Fixed–mobile convergence (FMC) is a change in telecommunications that removes differences between fixed and mobile networks.

In the 2004 press release announcing its formation, the Fixed-Mobile Convergence Alliance (FMCA) said:

Fixed Mobile Convergence is a transition point in the telecommunications industry that will finally remove the distinctions between fixed and mobile networks, providing a superior experience to customers by creating seamless services using a combination of fixed broadband and local access wireless technologies to meet their needs in homes, offices, other buildings and on the go.

In this definition "fixed broadband" means a connection to the Internet, such as DSL, cable or T1. "Local access wireless" means Wi-Fi or something like it. BT's initial FMC service, BT Fusion used Bluetooth rather than Wi-Fi for the local access wireless. The advent of picocells and femtocells means that local access wireless can be cellular radio technology.

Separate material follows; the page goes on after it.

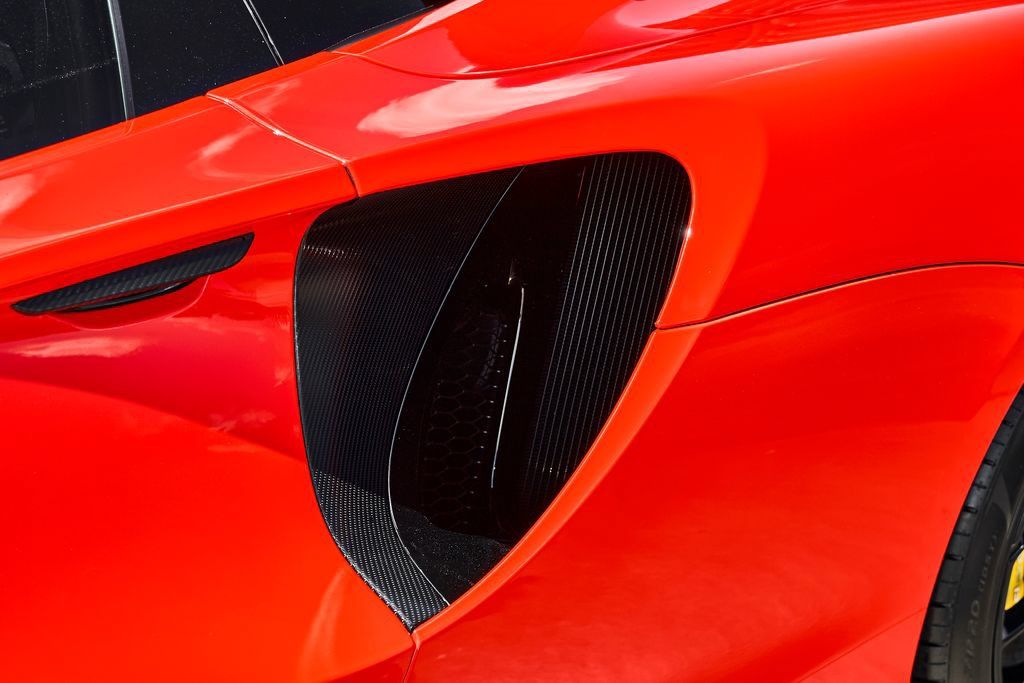 Used 2025 McLaren Artura Spider RWD image 11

The term "seamless services" in the quotation above is ambiguous. When talking about FMC, the word "seamless" usually refers to "seamless handover", which means that a call in progress can move from the mobile (cellular) network to the fixed network on the same phone without interruption, as described in one of the FMCA specification documents:

Seamless is defined as there being no perceptible break in voice or data transmission due to handover (from the calling party or the called party"s perspective).

The term "seamless services" sometimes means service equivalence across any termination point, fixed or mobile, so for example, dialing plans are identical and no change in dialed digits is needed on a desk phone versus a mobile. A less ambiguous term for this might be "network agnostic services".

The FMCA is a carrier organization, mainly oriented to consumer services. Enterprise phone systems are different. When Avaya announced its "Fixed Mobile Convergence" initiative in 2005, it was using a different definition. What Avaya and other PBX manufacturers were calling FMC was the ability for a PBX to treat a cell phone as an extension, and the ability for a cell phone to behave like a PBX extension phone:

Extension to Cellular technology: software seamlessly bridges office phone services to mobile devices, permitting the use of just one phone number and one voice mailbox. Client software extends the capabilities of the PBX to a mobile smartphone, creating a virtual desk extension. This software runs on Nokia Series 60 phones and works in conjunction with Extension to Cellular.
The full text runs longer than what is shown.